Monday, January 24, 2011

GDP measures during disequilibrium

Marginal Revolution, in particular Tyler Cowen has a new book which I haven't read;
The Great Stagnation: How America Ate All The Low-Hanging Fruit of Modern History,Got Sick, and Will (Eventually) Feel Better
The idea is that we use up available markets to distribute with existing technology before we move on to new technology. This is an approximate synopsis I got from the comments and posting.

The information technology version, the one I accept, is different.  We enter disequilibrium when the information technology destroys old markets and makes new one.  Hence, information technology pushes us below growth potential.  The two views are reconciled if we accept that low hanging fruit is not long hanging so low when we have new information.

Information spreads across the globe and emerging economies heat up as they learn about better production technology, while our economy cools down, this has been happening since 1980.  The low hanging fruit can be packaged into production at the source, farther from our shore.

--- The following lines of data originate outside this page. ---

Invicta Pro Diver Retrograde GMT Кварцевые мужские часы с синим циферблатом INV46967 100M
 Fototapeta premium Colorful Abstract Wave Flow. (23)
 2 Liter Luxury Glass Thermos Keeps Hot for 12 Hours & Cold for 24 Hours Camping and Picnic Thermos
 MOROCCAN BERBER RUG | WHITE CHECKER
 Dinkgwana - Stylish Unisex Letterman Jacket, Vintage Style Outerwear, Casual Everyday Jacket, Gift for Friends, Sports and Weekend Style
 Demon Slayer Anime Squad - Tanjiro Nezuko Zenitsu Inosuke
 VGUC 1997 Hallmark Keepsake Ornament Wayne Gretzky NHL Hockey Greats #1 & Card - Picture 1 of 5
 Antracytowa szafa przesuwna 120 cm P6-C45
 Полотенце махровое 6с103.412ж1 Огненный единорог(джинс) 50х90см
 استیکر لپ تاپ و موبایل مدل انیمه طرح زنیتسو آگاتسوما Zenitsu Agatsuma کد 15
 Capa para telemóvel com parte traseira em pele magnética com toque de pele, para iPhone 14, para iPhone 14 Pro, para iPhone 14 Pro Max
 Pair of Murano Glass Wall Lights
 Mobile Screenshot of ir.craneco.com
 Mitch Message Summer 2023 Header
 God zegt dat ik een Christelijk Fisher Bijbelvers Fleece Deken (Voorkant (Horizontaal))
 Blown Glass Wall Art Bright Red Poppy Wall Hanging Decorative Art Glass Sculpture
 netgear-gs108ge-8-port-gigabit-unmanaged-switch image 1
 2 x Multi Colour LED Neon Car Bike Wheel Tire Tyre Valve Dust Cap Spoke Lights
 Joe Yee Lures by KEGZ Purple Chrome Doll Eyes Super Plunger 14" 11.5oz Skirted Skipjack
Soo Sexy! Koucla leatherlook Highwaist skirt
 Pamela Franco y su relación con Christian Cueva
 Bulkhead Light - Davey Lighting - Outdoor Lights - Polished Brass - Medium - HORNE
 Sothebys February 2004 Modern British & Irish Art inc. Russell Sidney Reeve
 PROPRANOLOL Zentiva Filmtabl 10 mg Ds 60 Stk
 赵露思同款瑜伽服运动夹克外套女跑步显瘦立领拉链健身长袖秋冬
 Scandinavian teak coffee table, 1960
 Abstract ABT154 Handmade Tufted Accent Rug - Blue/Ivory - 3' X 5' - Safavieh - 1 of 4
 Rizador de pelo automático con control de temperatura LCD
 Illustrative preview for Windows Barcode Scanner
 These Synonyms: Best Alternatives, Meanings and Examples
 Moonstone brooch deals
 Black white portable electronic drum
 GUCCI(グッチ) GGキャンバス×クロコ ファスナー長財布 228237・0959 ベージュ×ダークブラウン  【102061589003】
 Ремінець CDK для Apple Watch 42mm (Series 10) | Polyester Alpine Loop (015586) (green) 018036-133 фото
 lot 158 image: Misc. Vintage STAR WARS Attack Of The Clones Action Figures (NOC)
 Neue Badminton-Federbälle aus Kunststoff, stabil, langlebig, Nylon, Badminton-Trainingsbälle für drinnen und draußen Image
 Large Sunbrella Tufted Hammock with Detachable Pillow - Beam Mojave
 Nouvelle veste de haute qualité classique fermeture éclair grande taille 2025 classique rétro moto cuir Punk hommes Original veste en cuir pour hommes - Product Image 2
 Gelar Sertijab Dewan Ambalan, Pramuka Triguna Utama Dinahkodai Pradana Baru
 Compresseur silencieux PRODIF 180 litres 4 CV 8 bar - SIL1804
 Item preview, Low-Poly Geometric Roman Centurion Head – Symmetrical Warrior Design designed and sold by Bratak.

So our yields curve flattens, the gains from specialization dropping. The amount of production we owe the world has been delayed by government debt and bailouts. Unsustainability is reached when the gains from specialization cannot guarantee the promise of future production. We reorganizing to a steeped curve to make the interest payments. We move the peak production cycle to a shorter term  and  reduce consumption.  The channel become constricted by debt payments, and we have fewer options in arranging distribution with maximum variation.

So we are stuck with lower GDP until we find a new production system with higher gains.